▶ _MATERIAL FOR THIS EXERCISE_
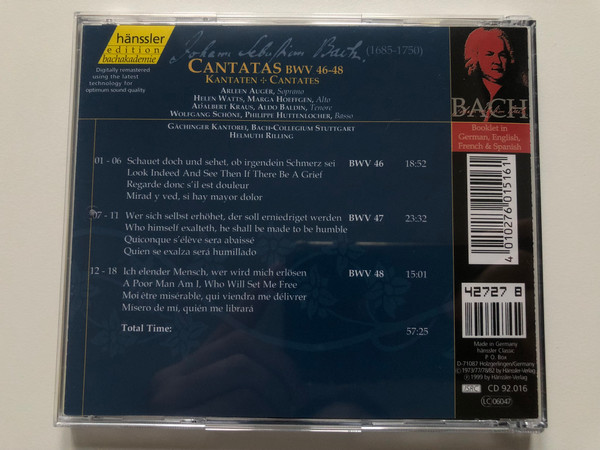 Johann Sebastian Bach - Cantatas BWV 46-48 / Schauet doch und sehet, ob irgendein Schmerz sei; Wer sich selbst erhohet, der soll erniedriget werden / Hänssler Edition Bachakademie Audio CD 1999 / CD 92.016 
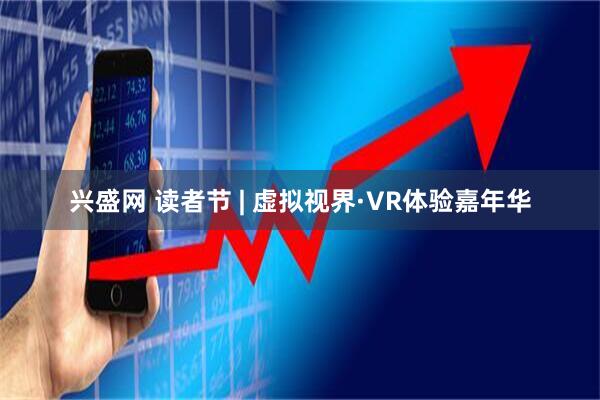 兴盛网 读者节 | 虚拟视界·VR体验嘉年华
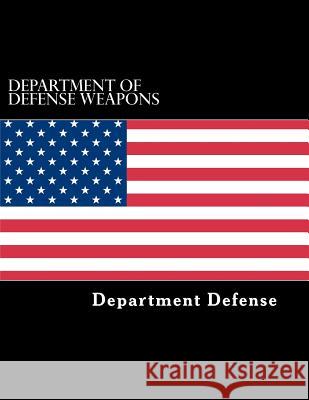 Department of defense weapons Defense, Department Of 9781484084748 Createspace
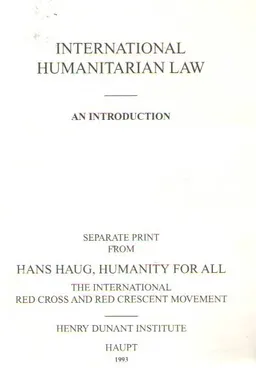 International humanitarian law. An introduction : Монография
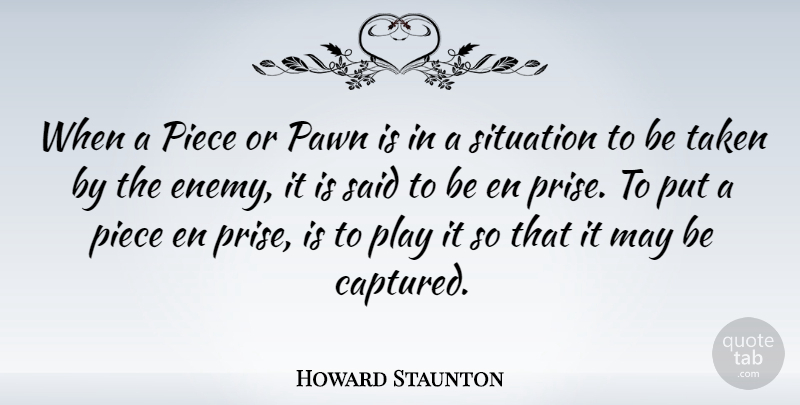 Howard Staunton Quote About Taken, Play, Enemy: When A Piece Or Pawn...
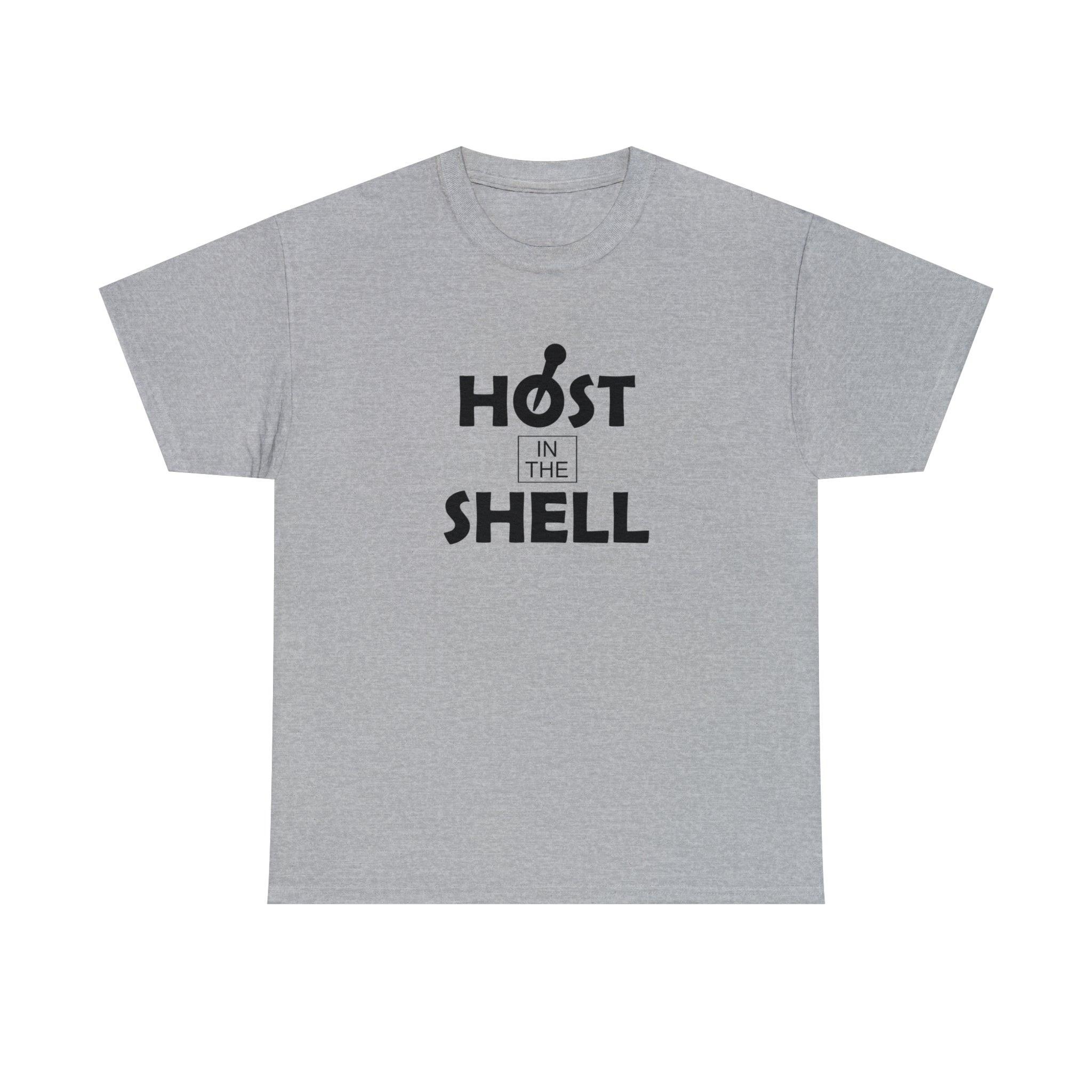 Host In The Shell - T-Shirt - Witty Twisters Fashions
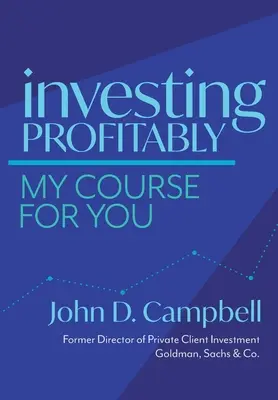 Ziskové investovanie: Môj kurz pre vás - Investing Profitably: My Course For You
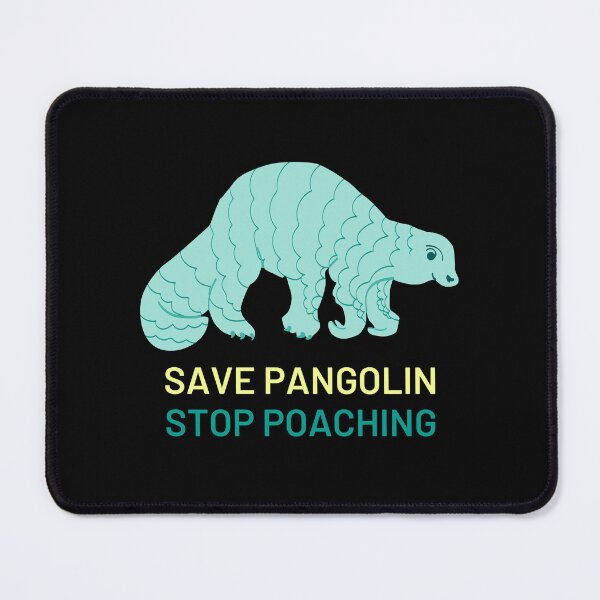 Item preview, Save Pangolin Stop Poaching designed and sold by PurpleTank.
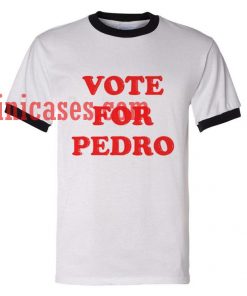 Vote For Pedro ringer t shirt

▶ _DIRECTIONS_
Please reproduce exactly, and nothing more, the lines from the one containing "Howard Staunton Quote" through the last line of the entries, both included; pictures stay out.

▶ _TASK SOLUTION_
 Howard Staunton Quote About Taken, Play, Enemy: When A Piece Or Pawn...
 Host In The Shell - T-Shirt - Witty Twisters Fashions
 Ziskové investovanie: Môj kurz pre vás - Investing Profitably: My Course For You
 Item preview, Save Pangolin Stop Poaching designed and sold by PurpleTank.
 Vote For Pedro ringer t shirt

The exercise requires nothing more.